A video from Essendon’s training session showed the new rule in action, with midfielder Darcy Parish being awarded a free kick after catching teammate Kyle Langford holding the ball.

Parish veered to his right while taking the free kick, with Langford habitually followed him by moving to his left.

But the umpire stopped play and awarded Parish a 50-metre penalty, calling Langford for an infringement.

Port Adelaide legend Warren Tredrea shared the clip to Twitter with the caption: “What a joke.”

Herald Sun reporter Jon Ralph tweeted: “My concern with the man on the mark rule is that if it’s impossible to defend, as so many players believe, will teams want to play a seventh defender?”

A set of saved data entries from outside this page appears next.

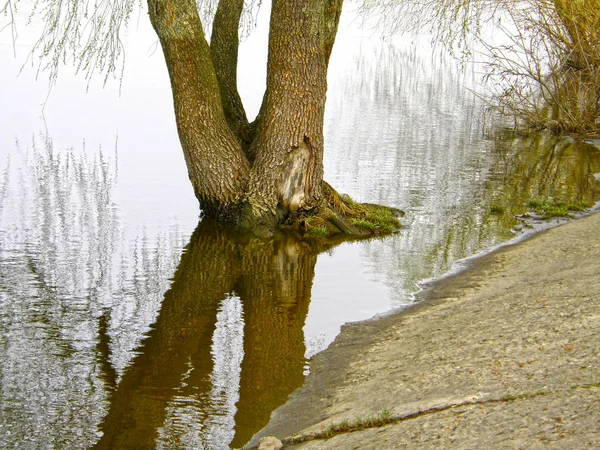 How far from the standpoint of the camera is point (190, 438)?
19.4 feet

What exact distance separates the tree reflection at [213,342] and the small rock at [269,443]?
344mm

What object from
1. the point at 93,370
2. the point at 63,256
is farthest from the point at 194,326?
the point at 63,256

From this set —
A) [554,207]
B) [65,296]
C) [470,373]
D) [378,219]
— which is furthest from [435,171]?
[470,373]

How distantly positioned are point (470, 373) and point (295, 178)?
604 cm

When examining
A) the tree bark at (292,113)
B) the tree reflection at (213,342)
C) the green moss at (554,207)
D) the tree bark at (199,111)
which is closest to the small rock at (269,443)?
the tree reflection at (213,342)

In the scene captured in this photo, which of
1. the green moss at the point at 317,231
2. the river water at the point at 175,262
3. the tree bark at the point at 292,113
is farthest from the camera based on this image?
the green moss at the point at 317,231

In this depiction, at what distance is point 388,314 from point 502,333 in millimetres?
1947

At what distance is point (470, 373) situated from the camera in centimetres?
611

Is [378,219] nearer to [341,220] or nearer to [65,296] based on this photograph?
[341,220]

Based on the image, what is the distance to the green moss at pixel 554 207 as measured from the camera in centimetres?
1320

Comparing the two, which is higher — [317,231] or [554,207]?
[554,207]

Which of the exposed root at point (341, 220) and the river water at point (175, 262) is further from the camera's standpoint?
the exposed root at point (341, 220)

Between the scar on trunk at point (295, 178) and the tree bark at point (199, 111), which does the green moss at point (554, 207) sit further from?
the tree bark at point (199, 111)

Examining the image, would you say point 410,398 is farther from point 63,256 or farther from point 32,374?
point 63,256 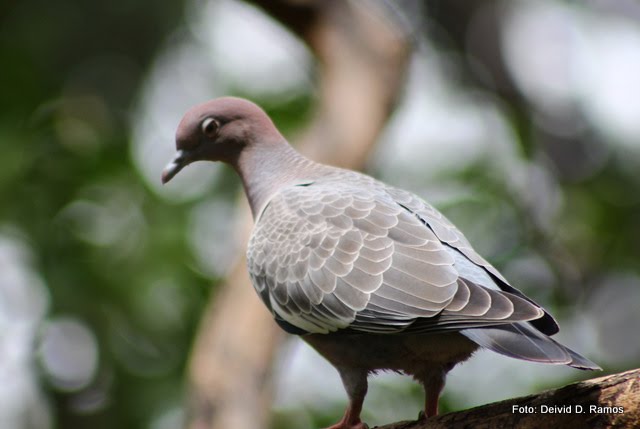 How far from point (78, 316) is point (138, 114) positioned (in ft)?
8.22

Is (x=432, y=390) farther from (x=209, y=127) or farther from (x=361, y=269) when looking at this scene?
(x=209, y=127)

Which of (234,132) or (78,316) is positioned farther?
(78,316)

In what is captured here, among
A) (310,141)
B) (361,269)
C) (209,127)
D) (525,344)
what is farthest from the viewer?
(310,141)

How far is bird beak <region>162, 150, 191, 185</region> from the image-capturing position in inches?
163

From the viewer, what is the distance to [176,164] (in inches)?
164

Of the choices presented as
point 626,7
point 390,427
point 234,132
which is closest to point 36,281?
point 234,132

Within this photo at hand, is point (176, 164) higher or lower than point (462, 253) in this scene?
lower

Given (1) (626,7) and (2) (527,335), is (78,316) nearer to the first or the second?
(2) (527,335)

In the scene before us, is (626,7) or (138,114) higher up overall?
(626,7)

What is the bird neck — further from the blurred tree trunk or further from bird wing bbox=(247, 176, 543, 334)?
the blurred tree trunk

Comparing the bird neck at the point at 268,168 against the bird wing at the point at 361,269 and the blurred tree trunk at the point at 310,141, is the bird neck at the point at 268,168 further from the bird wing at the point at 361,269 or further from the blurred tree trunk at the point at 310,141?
the blurred tree trunk at the point at 310,141

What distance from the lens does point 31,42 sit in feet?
26.3

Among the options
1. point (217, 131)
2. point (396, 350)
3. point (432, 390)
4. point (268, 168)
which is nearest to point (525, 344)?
point (396, 350)

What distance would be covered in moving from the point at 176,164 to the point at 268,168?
45 centimetres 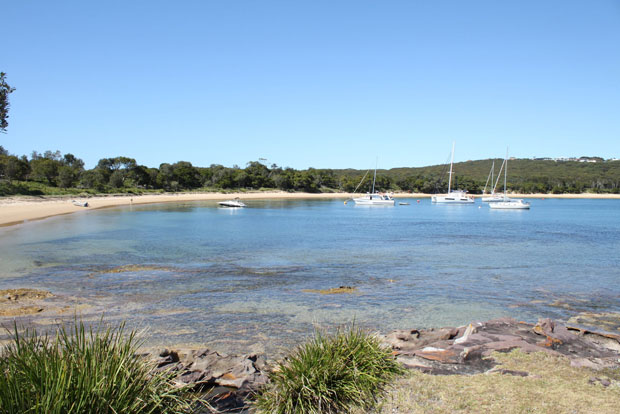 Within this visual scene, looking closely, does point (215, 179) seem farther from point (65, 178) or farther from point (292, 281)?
point (292, 281)

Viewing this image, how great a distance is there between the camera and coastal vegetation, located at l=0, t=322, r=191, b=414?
3.95 meters

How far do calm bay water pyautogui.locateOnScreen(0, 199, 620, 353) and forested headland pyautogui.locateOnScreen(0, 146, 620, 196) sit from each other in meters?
47.3

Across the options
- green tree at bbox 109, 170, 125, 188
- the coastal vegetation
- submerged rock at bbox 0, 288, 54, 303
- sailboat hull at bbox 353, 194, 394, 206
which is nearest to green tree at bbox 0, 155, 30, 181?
green tree at bbox 109, 170, 125, 188

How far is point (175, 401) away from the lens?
4934 millimetres

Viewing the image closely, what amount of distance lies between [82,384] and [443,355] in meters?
4.89

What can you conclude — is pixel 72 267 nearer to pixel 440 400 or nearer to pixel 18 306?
pixel 18 306

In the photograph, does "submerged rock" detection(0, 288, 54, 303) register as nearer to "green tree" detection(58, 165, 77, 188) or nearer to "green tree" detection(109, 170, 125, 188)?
"green tree" detection(58, 165, 77, 188)

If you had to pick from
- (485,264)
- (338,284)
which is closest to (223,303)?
(338,284)

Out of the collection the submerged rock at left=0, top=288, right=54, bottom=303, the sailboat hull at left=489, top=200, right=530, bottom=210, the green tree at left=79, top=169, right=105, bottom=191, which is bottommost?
the submerged rock at left=0, top=288, right=54, bottom=303

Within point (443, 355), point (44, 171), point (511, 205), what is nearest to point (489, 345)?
point (443, 355)

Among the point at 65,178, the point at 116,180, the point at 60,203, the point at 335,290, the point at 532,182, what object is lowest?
the point at 60,203

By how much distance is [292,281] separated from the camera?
16.4 meters

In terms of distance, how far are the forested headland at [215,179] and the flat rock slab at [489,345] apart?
214 feet

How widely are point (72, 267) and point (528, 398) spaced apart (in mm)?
18034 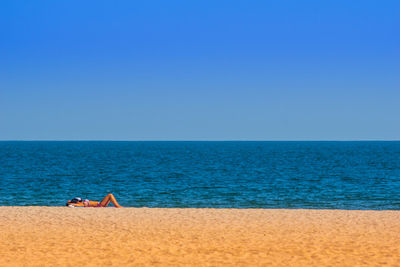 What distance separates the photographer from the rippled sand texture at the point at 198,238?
11.6 metres

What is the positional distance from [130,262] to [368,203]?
22155 mm

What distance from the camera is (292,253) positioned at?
12.2 metres

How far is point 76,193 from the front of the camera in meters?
36.2

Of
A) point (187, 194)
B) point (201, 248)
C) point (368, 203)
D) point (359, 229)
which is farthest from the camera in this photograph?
point (187, 194)

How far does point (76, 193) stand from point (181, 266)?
2707cm

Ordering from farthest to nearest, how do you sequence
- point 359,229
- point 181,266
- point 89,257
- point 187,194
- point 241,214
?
point 187,194, point 241,214, point 359,229, point 89,257, point 181,266

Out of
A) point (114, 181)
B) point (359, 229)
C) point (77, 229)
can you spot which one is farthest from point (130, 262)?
point (114, 181)

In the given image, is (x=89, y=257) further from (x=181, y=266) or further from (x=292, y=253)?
(x=292, y=253)

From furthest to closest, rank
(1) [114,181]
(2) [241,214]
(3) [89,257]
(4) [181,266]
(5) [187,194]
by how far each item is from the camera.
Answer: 1. (1) [114,181]
2. (5) [187,194]
3. (2) [241,214]
4. (3) [89,257]
5. (4) [181,266]

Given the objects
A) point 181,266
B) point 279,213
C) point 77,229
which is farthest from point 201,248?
point 279,213

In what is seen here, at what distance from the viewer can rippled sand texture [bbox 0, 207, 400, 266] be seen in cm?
1157

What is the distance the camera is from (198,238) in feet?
47.0

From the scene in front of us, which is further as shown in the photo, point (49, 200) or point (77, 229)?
point (49, 200)

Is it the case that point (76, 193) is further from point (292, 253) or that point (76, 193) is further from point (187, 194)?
point (292, 253) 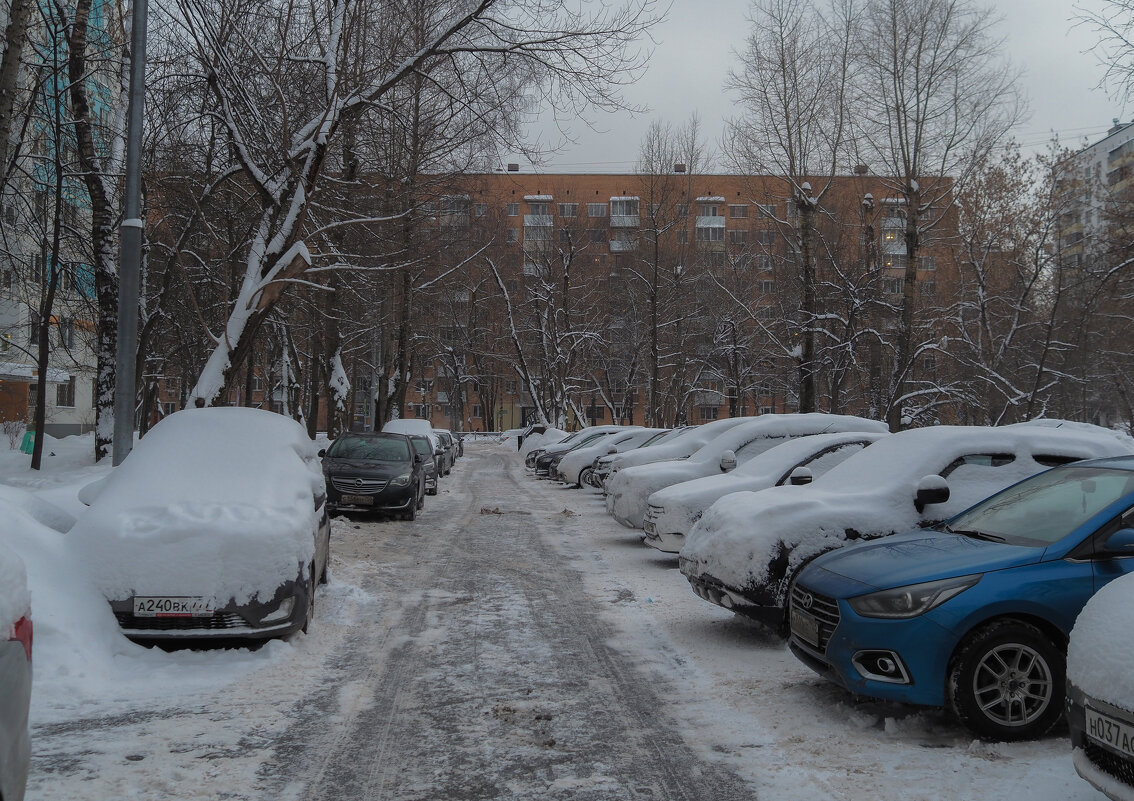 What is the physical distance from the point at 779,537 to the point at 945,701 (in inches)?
81.2

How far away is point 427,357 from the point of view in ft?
205

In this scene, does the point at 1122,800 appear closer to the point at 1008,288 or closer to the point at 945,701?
the point at 945,701

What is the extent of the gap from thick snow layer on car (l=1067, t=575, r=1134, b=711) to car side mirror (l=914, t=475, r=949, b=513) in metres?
2.73

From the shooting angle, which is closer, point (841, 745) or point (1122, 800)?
point (1122, 800)

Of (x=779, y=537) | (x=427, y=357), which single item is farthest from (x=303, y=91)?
(x=427, y=357)

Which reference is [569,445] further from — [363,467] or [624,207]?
[624,207]

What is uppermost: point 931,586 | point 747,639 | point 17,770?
point 931,586

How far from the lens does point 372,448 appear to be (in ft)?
54.0

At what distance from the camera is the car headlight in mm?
4848

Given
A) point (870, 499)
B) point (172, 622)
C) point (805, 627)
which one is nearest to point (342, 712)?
point (172, 622)

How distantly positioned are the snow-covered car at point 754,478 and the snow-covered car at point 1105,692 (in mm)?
5860

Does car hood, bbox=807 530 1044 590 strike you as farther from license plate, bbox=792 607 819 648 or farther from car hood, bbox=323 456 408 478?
car hood, bbox=323 456 408 478

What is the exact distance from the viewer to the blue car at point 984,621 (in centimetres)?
479

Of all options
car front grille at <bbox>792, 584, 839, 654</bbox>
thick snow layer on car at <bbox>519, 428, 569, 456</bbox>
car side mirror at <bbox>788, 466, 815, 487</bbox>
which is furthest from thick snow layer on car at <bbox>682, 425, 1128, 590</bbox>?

Essendon great Matthew Lloyd told 3AW’s Sportsday on Tuesday morning: “I’ve heard some teams are really struggling with (the new stand rule).

“The umpires have been at up to 310 training sessions amongst clubs, I heard (Swans coach) John Longmire say he hopes it’s not a 50-metre goal-fest.

“A player at one club took one step, whistle goes and it’s a 50-metre penalty. I reckon the umpires are going to be ferocious on this rule early on.

“They say stand, you place once foot away (from the mark) and they were paying 50-metre penalties.”

However, AFL football boss Steve Hocking believes the responsibility should be on the players and coaches to adapt to the new rules.

AFL football operations boss Steve Hocking.
AFL football operations boss Steve Hocking.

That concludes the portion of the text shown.